--- START ---

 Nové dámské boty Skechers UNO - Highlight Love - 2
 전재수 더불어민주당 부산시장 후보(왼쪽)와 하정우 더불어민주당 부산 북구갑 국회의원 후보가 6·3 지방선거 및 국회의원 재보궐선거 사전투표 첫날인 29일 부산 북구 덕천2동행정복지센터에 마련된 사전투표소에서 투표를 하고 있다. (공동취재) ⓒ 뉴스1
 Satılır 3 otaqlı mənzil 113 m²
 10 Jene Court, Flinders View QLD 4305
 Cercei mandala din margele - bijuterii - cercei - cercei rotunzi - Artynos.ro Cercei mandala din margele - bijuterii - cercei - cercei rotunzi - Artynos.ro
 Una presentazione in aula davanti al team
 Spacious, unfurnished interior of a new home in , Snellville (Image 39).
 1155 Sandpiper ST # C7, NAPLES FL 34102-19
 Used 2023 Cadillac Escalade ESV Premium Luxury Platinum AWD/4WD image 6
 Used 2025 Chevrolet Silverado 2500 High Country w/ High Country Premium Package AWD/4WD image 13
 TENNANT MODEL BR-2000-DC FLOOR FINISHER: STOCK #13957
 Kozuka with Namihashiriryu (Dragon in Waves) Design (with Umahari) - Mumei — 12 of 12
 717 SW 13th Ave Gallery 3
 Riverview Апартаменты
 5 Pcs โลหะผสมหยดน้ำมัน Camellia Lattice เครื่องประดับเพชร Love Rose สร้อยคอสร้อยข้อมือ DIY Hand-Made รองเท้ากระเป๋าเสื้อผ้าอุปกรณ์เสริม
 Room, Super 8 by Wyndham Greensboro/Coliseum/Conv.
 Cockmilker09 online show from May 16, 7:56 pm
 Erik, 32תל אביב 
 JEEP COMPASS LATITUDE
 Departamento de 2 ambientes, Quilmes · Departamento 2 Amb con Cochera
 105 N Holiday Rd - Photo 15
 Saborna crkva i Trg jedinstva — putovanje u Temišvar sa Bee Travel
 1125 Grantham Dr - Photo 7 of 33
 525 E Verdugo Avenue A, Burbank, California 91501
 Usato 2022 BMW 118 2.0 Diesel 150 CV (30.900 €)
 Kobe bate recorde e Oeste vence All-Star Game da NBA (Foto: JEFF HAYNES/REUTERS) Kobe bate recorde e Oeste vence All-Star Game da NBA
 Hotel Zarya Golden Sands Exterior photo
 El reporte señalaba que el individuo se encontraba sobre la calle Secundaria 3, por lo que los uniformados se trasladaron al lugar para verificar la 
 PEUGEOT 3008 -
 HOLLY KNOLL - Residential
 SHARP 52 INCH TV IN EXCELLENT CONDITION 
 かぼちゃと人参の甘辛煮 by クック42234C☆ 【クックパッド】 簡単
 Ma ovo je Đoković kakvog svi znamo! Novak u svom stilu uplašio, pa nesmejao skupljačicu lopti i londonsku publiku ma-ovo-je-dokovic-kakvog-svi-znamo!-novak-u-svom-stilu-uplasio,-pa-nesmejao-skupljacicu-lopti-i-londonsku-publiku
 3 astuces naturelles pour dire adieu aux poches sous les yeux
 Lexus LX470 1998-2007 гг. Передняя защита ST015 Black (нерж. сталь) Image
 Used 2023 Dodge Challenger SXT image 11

--- END ---

- **Task to carry out**
Among the entries above, how many lines hold the string "Premium"? Answer with the number only.

- **Output below**
2